DETAILED DESCRIPTION

[0038] FIGS. 1 and 2 show portions of a hydrocarbon processing plant. The portion shown in FIGS. 1 and 2 contains one tube 1. The one tube 1 has a refill-opening 2. In the refill-opening 2 a plug 3 is arranged.

[0039] A further tube 4 branches of the one tube 1. A catalyst 5 is arranged in the one tube 1.

[0040] A radar emitting device 6 that at the same time is a radar receiving device 7 is arranged above the plug 3. The radar emitting device 6 emits radar waves 8 that propagate through the plug 3 into the direction of the catalyst 5. Radar waves 8 reach the catalyst (not shown in FIGS. 1 and 2 for reasons of simplicity of the drawings) and are reflected by the catalyst back towards the radar receiving device 7. The radar receiving device 7 hence receives the echo of the radar waves that had been emitted by the radar emitting device 6 and had propagated through the plug 3 to the catalyst 5. From the echo the level of the catalyst in the one tube 1 can be determined.

[0041] A flange 14 that has a cylindrical portion 15 and a rim portion 16 is arranged on top of the tube 1 and the refill-opening 2 of the tube 1. Blankets 17 from refractory material is arranged in the cylindrical portion 16 of the flange 14. The flange 14 is closed by a lid 18. The lid 18 sits on the rim portion 16 of the flange 14. The lid 18 is connected to the rim-portion 16 of the flange 14 by screws 19.

[0042] The plugs 3 as shown in the embodiments of FIGS. 3, 4, 5 and 6 are made of firebrick, namely of a firebrick that complies with the standard ASTM C155-97 as republished in 2018. The plugs 3 are made of the material sold by BNZ Materials, Inc. under the product name BNZ-23. The plug 3 could also be made of a refractory material that uses fibres, especially of a refractory material that complies with the standard ASTM C892-05 in the version of Nov. 1, 2005.

[0043] The respective plug 3 has an end face 9 that is intended to be arranged most deeply in the refill-opening 2. The plug 3 has a top 10 intended to be arranged outside the refill-opening 2. Plug 3 has a middle section 11 that is arranged between the end face 9 and the top 10. The middle section in the embodiments shown in FIGS. 4, 5 and 6 has the shape of a truncated cone.

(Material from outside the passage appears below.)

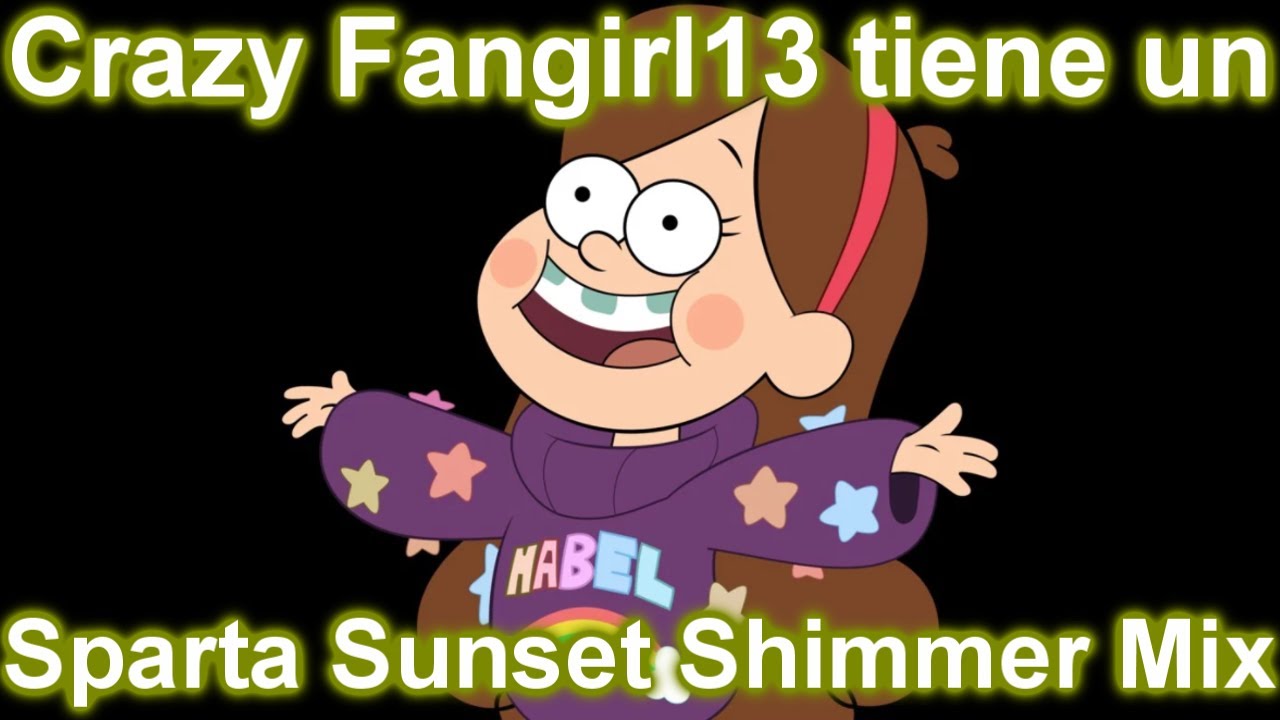 Crazy Fangirl13 tiene un Sparta Sunset Shimmer Mix - Crazy Fangirl13 tiene un Sparta Sunset Shimmer Mix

The middle section in the embodiment shown in FIG. 3 partially has the shape of a truncated cone and partially has the shape of a cylinder. In the embodiment of FIG. 3 the middle section merges into the top 10 for reasons of the middle section partially being of cylindrical shape and the top also partially having a cylindrical outside. The end face 9 is a plain surface that is arranged perpendicular to the longitudinal axis A of the plug 3.

[0044] The embodiment shown in FIG. 3 has a top 10 that has a groove 12 that assists engagement with the top 10 in order to pull the plug 3 out of the refill-opening 2. The embodiments shown in FIGS. 4 and 5 and 6 show protrusions 13 that can also be used to facilitate the pulling out of the plug 3 out of the refill-opening 2.

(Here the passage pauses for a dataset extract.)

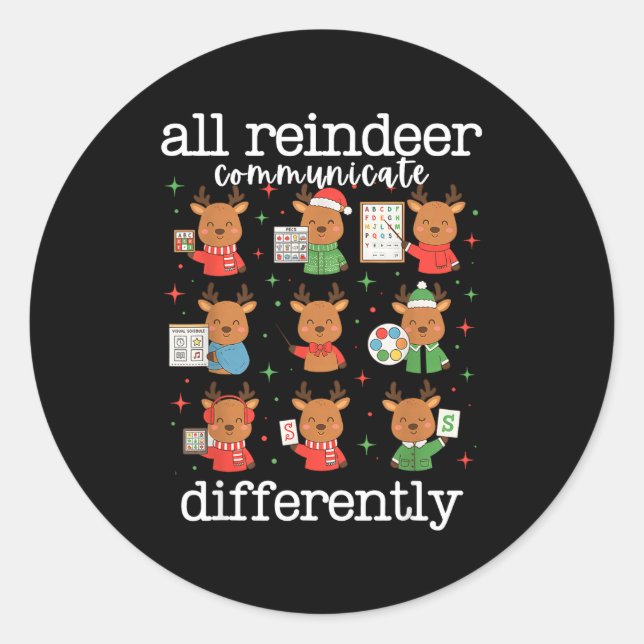 All Reindeer Communicate Differently Xmas Autism A Classic Round Sticker (Front)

[0045] A gas mixture, for example a gas mixture of natural gas and steam can be made to propagate through the tube 1 and the further tube 4. The gas mixture can flow from top to bottom or bottom to top depending on the design of the plant. The catalyst 5 assists the reaction between the ingredients of the gas mixture. Energy by way of heat can be brought into the inside of the tube 1 by way of burners (not shown) being arranged around the outside of the tube 1 that heat the tube 1 from the outside.